The center, he said, found taking up his research daunting without Weinrich — whose departure also came at a time when the center's grant funding had started to dry up.
"All of a sudden there's a vacuum you have to fill," Aliberte said, and until the surge in support, that vacuum was daunting.
Filling it will still take time.
Merchant said the center is focusing on the keeping the exhibit hall open and naturalists on the whale watches. He said they've hired back two staff members as well. Once those programs stabilize, he said, the center will look for a chief scientist to take over Weinrich's role. The center's interim director, Dale Brown, left when the center closed.

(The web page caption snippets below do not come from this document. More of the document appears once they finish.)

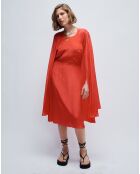 Robe cape courte Sorella corail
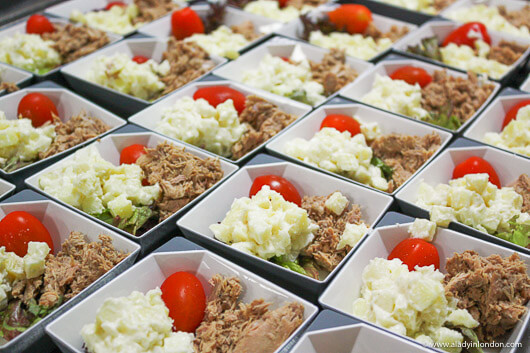 Food in the Malaysia Airlines Kitchen in Kuala Lumpur
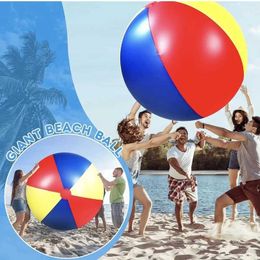 Party Balloons Large 80-200cm Outdoor Sports Inflatable Beach Ball Ocean Swimming Pool Water Ball PVC Inflatable Toy Ball for Children and Adul T240428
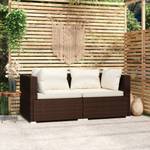 Salon de jardin (lot de 2) 3013629-12 Marron - Crème - Blanc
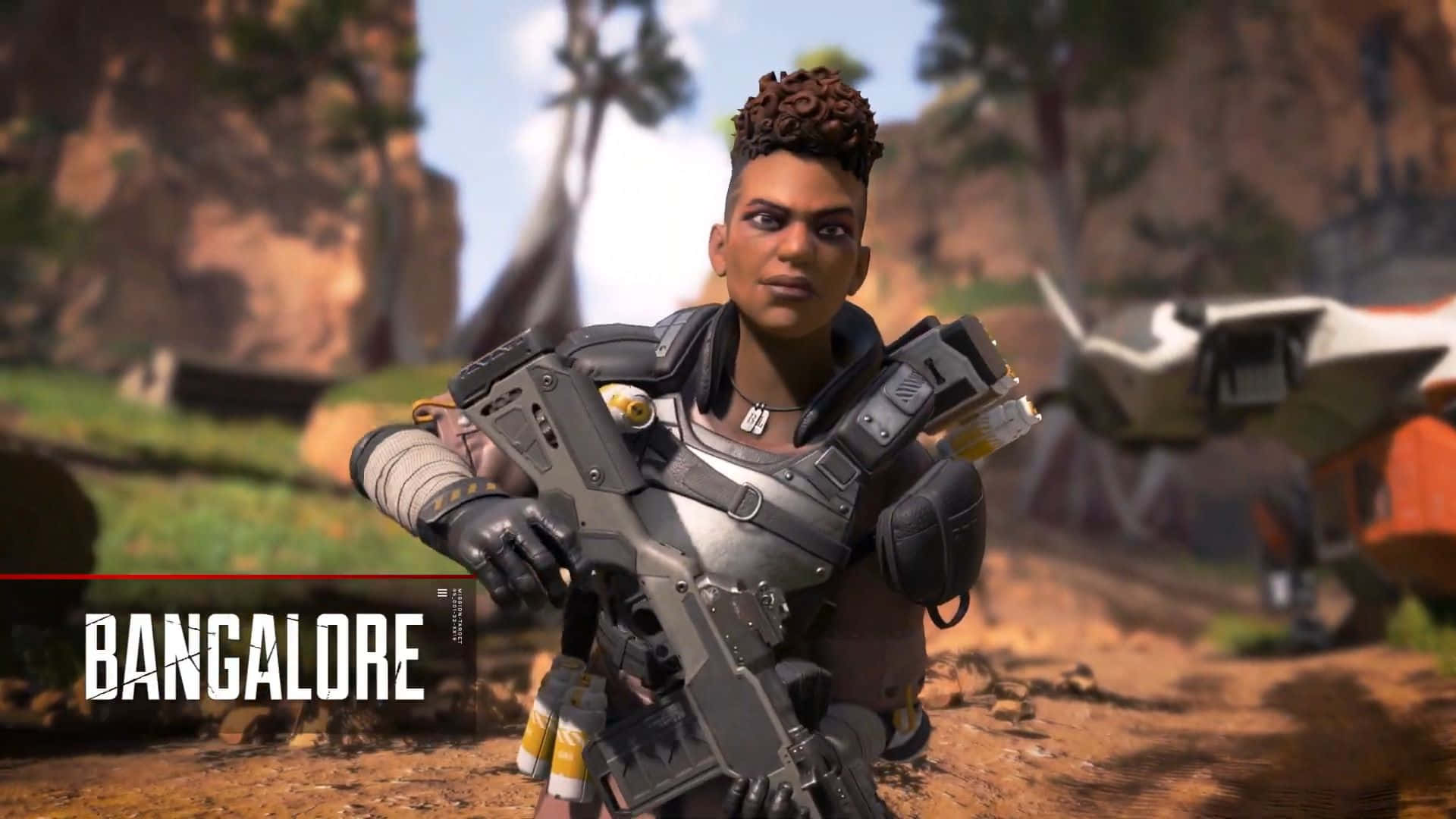Bangalore - The Fearless Fighter In Apex Legends. Wallpaper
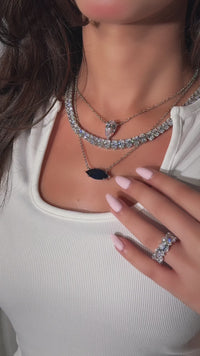 The Classic Side Marquise Necklace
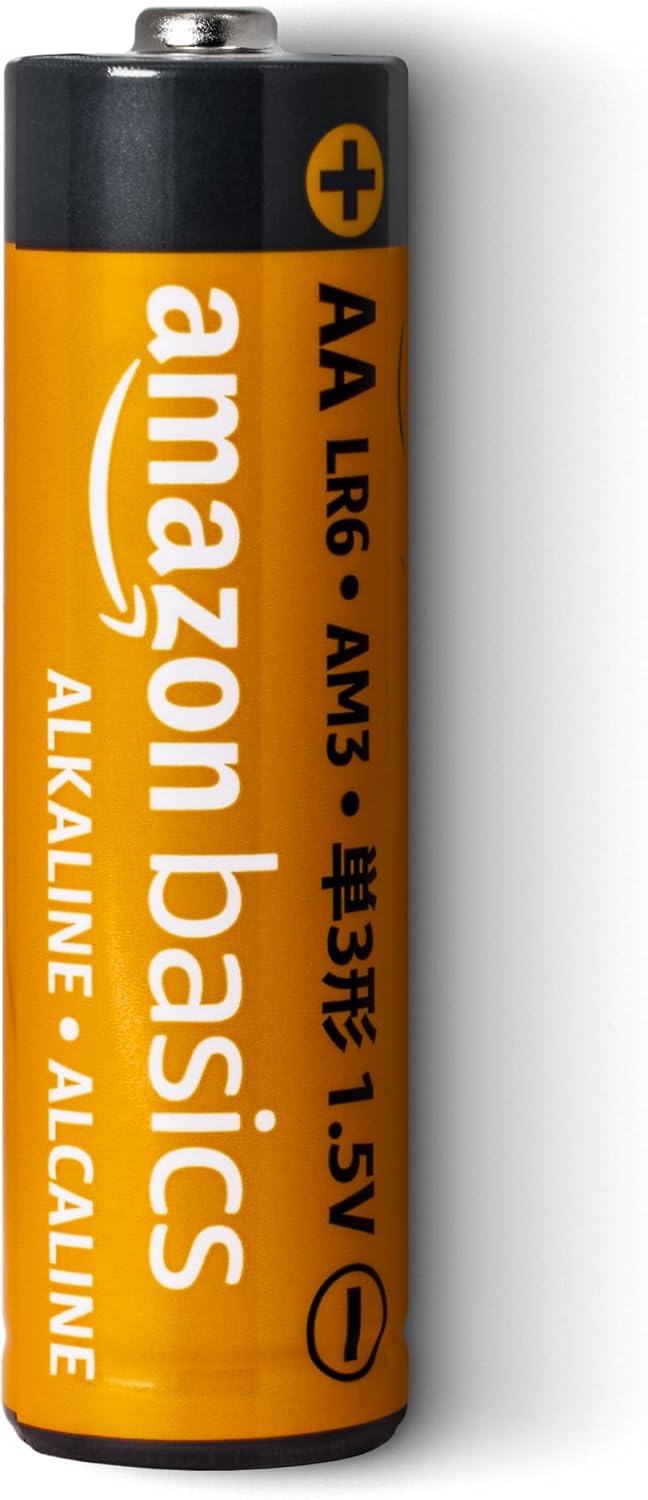 Amazon Basics 100-Pack AA Alkaline High-Performance Batteries, 1.5 Volt, 10-Year Shelf Life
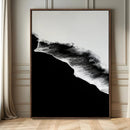 Ocean Wave Wall Art Canvas Print – Framed Abstract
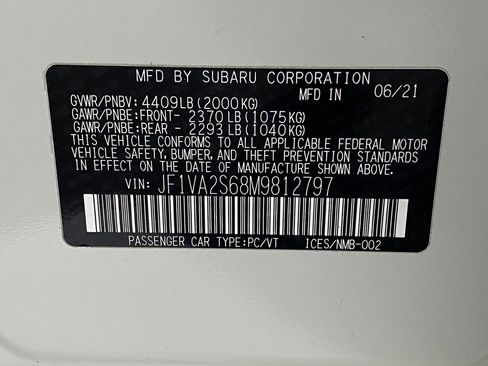 Used 2021 Subaru WRX STI w/ Popular Package #1 image 21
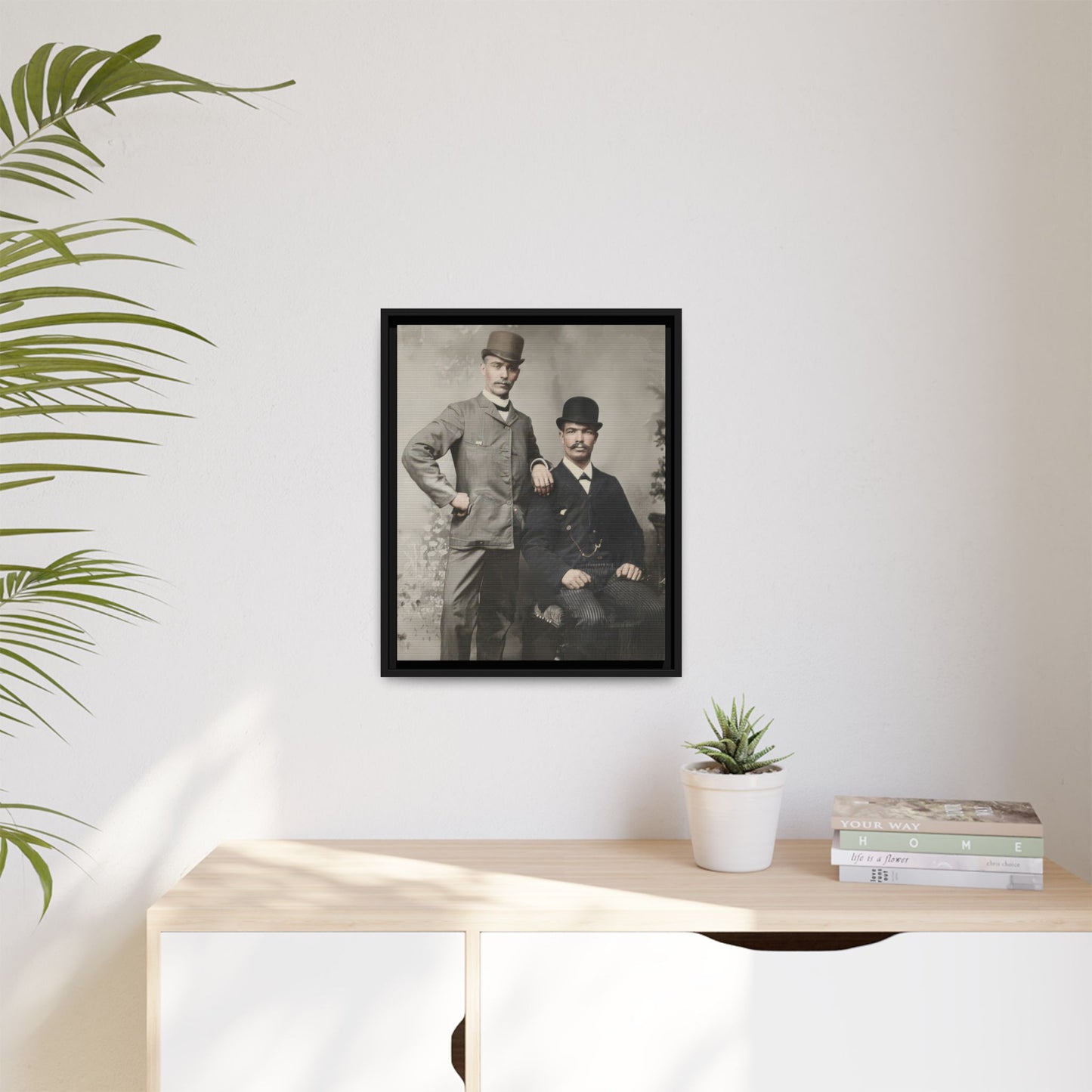 paire 068 | Framed Vintage Photo - Matte Canvas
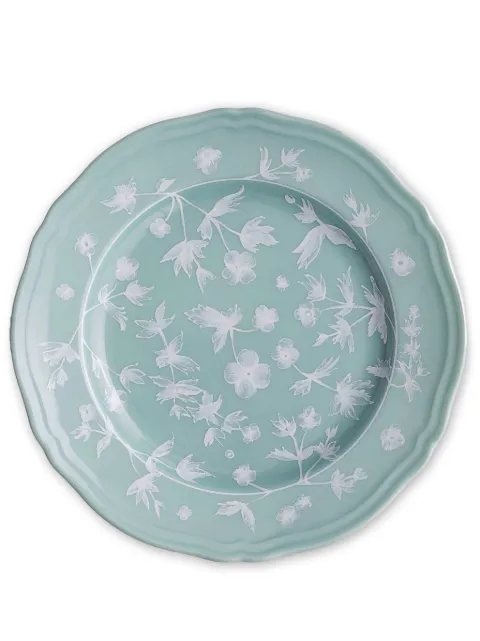 Cabana x GINORI 1735 floral dessert plate (21cm) Green DWFPL11GIN6D0401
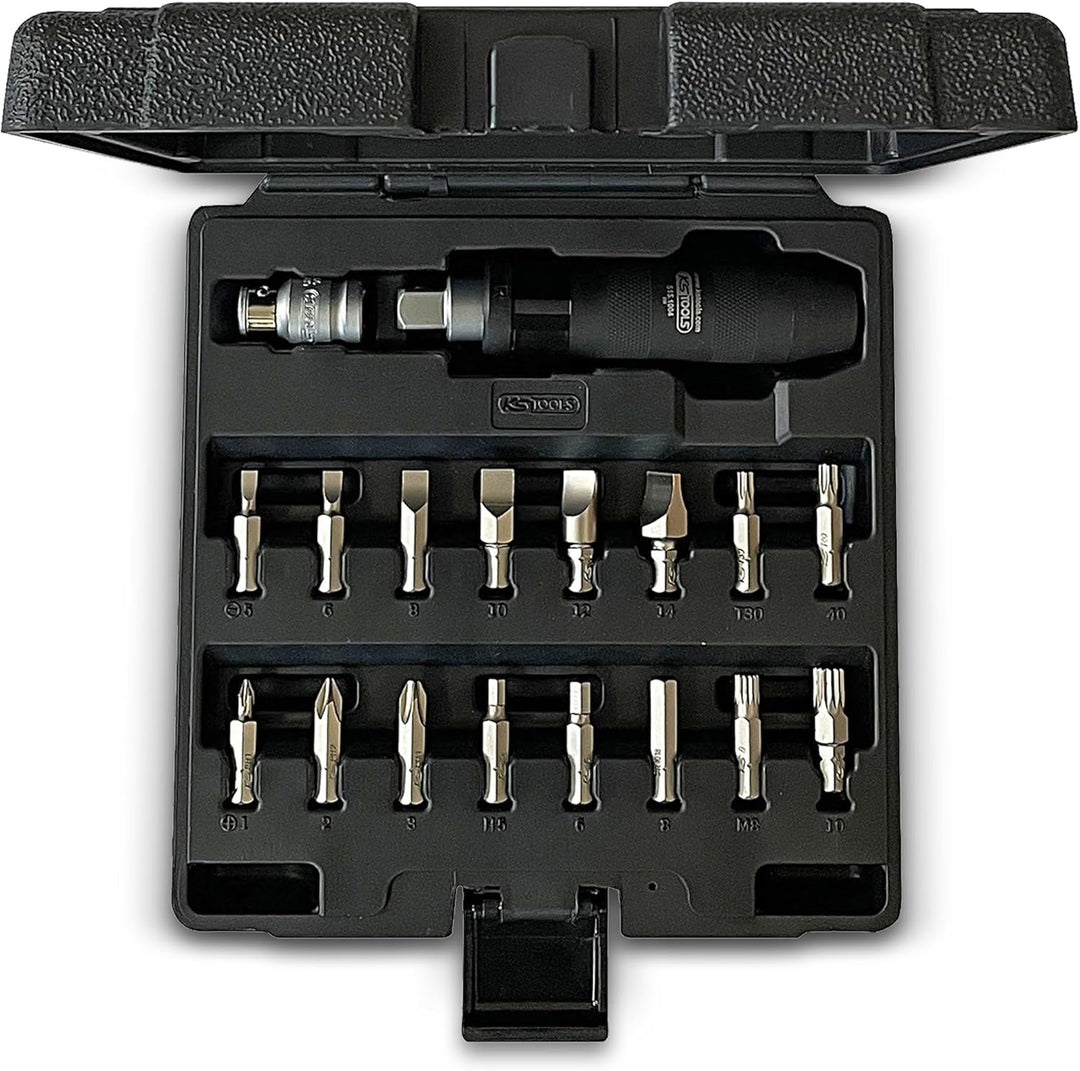 KS Tools 515.1000 1/2 Hand-Schlagschraubendreher-Satz, 18-TLG Schwarz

The center's funding picture hasn't changed for the new board either.
"Who knows what the Whale Center will be like in a year?" said Laurie Howes. "We do want to continue scientific research, but we want to expand our education program and reach out into the local community."
Howes is the center's program coordinator, and maintains the 30-year database of photographs and behavioral data the Whale Center has compiled on humpback whales. While the facility is continuing that research, she said, it's had to strip down in other places; it's no longer capable of responding to marine strandings, for example, and leaves that to the New England Aquarium in Boston.
Howes said that, despite the fluctuating schedule, the center is open usually in the afternoons and occasionally on mornings Monday through Friday.
Cunningham, who captains one of the Capt. Bill's Whale Watch boats, says he's glad the center's back.
"It's great for us, we've worked with the center for over 30 years," Cunningham said, "and we hope to continue for many years to come."